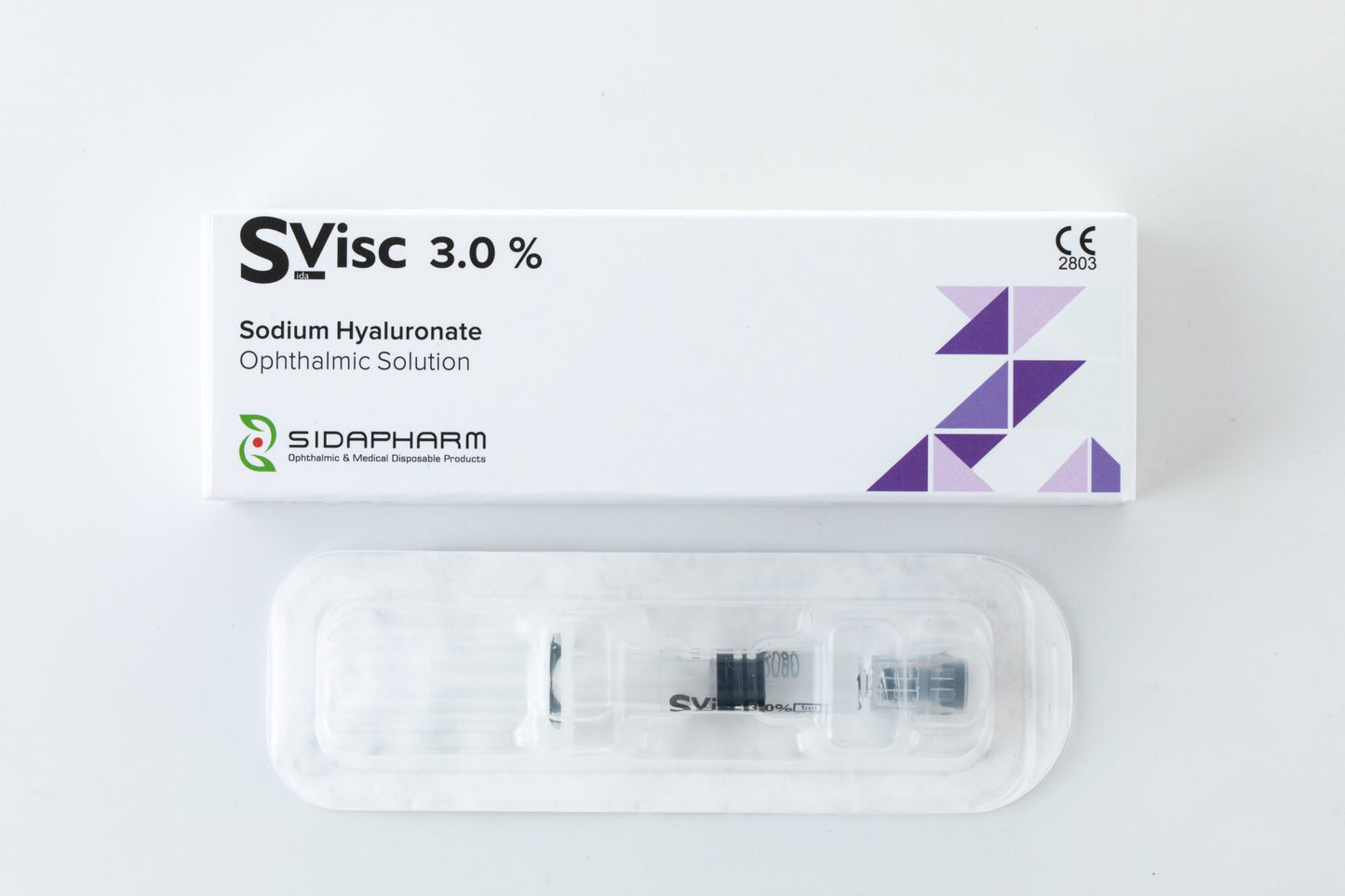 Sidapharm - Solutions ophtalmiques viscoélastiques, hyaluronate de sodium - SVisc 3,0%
...
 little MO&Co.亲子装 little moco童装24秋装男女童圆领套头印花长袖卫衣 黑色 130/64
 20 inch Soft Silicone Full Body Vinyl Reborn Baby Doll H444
==
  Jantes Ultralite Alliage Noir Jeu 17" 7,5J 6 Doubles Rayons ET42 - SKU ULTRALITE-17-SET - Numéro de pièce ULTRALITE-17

• [Work instructions]:
Copy the entries above exactly, but only from the line holding "little MO&Co.亲子装 little" through the line holding "20 inch Soft", both included.

• [Answer]:
 little MO&Co.亲子装 little moco童装24秋装男女童圆领套头印花长袖卫衣 黑色 130/64
 20 inch Soft Silicone Full Body Vinyl Reborn Baby Doll H444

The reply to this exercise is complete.